Die gutsituierte, über 90jährige Gretel Fernsby führt in einem noblen Villenviertel in London ein beschauliches Leben. Als in das Appartement unter ihr neue Bewohner einziehen, befürchtet sie nichts mehr, als das das harmonische Gefüge der Hausgemeinschaft gestört werden könnte. Noch ahnt sie nicht, das damit viel Fürchterlicheres ausgelöst werden wird...

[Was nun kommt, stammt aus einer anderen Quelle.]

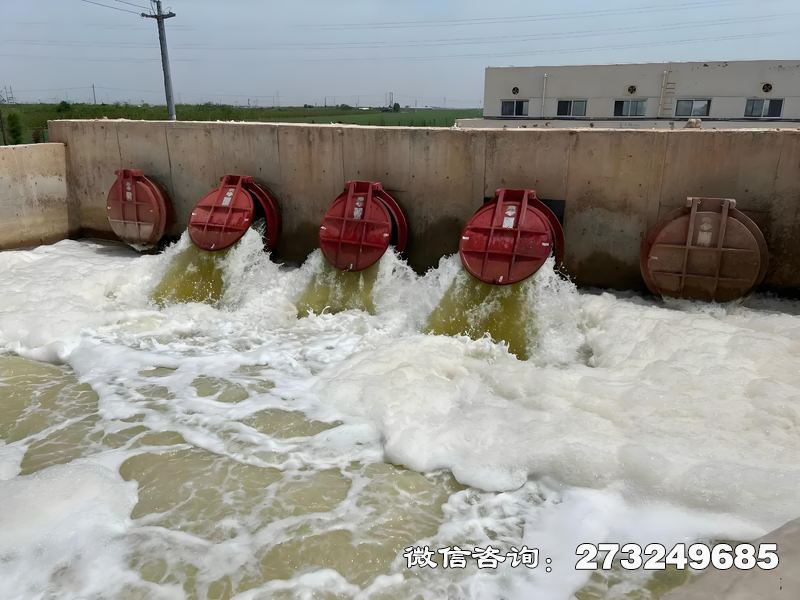德州河口整治工程潮門拍門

Ich habe mich für dieses Buch aufgrund der Buchvorstellung und nicht basierend auf der Information, das es sich hier quasi um die Fortsetzung von "Der Junge im gestreiften Pyjama" handelt, entschieden. Denn zu letzterem hatte ich nach dem Lesen und auch jetzt noch eine etwas widersprüchliche Meinung. Glücklicherweise hinterlässt "Als der Tag zerbrach" bei mir einen stimmig-überzeugenderen Eindruck.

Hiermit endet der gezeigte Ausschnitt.